▸ Task brief
From the entries below, gather every line containing the string "Portable".
##############################
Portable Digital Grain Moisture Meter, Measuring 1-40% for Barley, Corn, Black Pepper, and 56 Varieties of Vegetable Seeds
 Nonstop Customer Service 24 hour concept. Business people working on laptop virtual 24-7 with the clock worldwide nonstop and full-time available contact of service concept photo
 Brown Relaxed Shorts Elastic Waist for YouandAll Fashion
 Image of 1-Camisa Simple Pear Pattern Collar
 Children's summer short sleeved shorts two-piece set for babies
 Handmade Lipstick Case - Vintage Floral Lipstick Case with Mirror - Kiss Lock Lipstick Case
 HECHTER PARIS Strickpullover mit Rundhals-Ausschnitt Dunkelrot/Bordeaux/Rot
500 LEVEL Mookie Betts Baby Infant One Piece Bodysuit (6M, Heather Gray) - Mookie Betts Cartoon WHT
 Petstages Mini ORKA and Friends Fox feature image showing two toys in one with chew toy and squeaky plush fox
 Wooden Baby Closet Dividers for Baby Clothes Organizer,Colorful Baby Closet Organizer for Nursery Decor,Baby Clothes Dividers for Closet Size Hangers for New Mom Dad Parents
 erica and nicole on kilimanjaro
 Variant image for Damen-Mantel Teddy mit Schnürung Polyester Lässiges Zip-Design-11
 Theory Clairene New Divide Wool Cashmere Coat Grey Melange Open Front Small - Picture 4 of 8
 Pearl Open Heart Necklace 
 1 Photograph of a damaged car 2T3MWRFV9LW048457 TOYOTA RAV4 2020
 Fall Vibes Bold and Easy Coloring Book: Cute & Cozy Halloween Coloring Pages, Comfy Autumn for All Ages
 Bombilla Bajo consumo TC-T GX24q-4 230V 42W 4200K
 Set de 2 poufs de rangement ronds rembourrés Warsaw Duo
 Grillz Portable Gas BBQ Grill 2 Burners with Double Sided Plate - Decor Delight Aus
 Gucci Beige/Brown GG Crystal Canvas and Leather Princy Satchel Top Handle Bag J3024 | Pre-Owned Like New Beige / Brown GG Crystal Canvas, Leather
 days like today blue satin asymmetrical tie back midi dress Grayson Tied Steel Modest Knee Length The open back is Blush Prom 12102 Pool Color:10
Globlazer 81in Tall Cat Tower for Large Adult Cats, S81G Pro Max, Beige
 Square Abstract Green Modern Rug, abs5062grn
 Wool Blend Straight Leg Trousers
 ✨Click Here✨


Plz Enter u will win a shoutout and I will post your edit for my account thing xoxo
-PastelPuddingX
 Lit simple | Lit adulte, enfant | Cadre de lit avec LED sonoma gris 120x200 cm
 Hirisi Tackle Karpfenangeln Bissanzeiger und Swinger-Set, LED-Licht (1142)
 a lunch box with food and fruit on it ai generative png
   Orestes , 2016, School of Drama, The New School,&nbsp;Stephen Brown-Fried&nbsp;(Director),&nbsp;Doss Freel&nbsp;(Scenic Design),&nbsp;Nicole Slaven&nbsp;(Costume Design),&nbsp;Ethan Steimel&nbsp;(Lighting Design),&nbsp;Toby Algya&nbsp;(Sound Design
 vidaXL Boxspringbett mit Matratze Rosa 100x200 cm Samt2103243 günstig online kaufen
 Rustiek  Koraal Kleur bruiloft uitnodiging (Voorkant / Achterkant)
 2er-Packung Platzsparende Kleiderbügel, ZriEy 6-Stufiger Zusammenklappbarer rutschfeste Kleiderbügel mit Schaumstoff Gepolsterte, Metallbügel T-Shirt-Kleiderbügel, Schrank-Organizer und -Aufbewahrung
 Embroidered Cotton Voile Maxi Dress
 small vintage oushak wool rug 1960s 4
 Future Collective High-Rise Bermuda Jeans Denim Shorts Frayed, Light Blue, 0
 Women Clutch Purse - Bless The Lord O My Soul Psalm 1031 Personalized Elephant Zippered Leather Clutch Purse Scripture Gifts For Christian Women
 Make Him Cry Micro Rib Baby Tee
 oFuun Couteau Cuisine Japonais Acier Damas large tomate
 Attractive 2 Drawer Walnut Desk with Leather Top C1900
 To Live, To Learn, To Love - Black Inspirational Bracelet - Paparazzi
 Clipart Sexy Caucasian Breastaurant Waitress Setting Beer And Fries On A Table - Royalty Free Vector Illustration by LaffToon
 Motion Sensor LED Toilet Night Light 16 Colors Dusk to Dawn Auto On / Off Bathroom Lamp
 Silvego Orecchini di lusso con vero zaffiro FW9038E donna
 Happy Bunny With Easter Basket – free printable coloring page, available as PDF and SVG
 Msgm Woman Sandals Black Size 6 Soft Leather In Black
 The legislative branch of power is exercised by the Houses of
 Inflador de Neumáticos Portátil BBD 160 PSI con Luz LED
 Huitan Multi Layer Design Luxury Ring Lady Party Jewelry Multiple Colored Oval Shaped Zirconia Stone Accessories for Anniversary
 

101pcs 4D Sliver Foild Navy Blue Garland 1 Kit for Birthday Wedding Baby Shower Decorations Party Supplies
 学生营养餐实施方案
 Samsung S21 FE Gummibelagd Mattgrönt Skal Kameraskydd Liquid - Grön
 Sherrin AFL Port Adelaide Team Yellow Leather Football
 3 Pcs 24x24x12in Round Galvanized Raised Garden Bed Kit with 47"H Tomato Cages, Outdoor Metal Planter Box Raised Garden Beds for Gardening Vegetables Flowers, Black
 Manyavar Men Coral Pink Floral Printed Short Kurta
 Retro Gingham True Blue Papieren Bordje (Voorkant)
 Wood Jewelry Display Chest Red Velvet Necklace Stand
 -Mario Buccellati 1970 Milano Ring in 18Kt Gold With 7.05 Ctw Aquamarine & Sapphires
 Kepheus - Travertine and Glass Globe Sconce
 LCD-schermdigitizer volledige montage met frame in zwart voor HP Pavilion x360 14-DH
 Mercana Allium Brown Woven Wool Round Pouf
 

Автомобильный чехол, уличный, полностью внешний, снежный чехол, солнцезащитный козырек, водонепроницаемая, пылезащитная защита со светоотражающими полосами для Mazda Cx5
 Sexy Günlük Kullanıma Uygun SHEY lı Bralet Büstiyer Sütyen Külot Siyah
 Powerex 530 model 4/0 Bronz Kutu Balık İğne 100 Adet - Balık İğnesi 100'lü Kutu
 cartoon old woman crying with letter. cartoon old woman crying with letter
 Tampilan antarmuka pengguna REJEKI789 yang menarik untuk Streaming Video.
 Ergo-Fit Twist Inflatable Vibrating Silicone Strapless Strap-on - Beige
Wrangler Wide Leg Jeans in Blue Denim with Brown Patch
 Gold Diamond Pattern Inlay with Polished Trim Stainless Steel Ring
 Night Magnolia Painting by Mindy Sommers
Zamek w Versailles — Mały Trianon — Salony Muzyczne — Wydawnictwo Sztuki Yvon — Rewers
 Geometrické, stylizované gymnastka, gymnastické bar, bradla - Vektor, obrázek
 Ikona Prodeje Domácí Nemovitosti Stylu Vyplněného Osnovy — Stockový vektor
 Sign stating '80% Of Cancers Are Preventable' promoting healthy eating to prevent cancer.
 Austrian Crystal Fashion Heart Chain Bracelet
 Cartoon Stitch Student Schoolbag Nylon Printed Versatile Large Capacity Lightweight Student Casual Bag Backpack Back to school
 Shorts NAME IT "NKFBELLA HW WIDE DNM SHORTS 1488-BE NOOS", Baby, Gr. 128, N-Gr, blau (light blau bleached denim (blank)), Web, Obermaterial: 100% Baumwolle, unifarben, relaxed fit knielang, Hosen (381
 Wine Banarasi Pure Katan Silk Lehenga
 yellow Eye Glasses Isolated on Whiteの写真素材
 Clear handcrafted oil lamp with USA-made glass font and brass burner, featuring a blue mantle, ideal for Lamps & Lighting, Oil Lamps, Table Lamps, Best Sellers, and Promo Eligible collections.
##############################
▸ Solution for this problem
Portable Digital Grain Moisture Meter, Measuring 1-40% for Barley, Corn, Black Pepper, and 56 Varieties of Vegetable Seeds
 Grillz Portable Gas BBQ Grill 2 Burners with Double Sided Plate - Decor Delight Aus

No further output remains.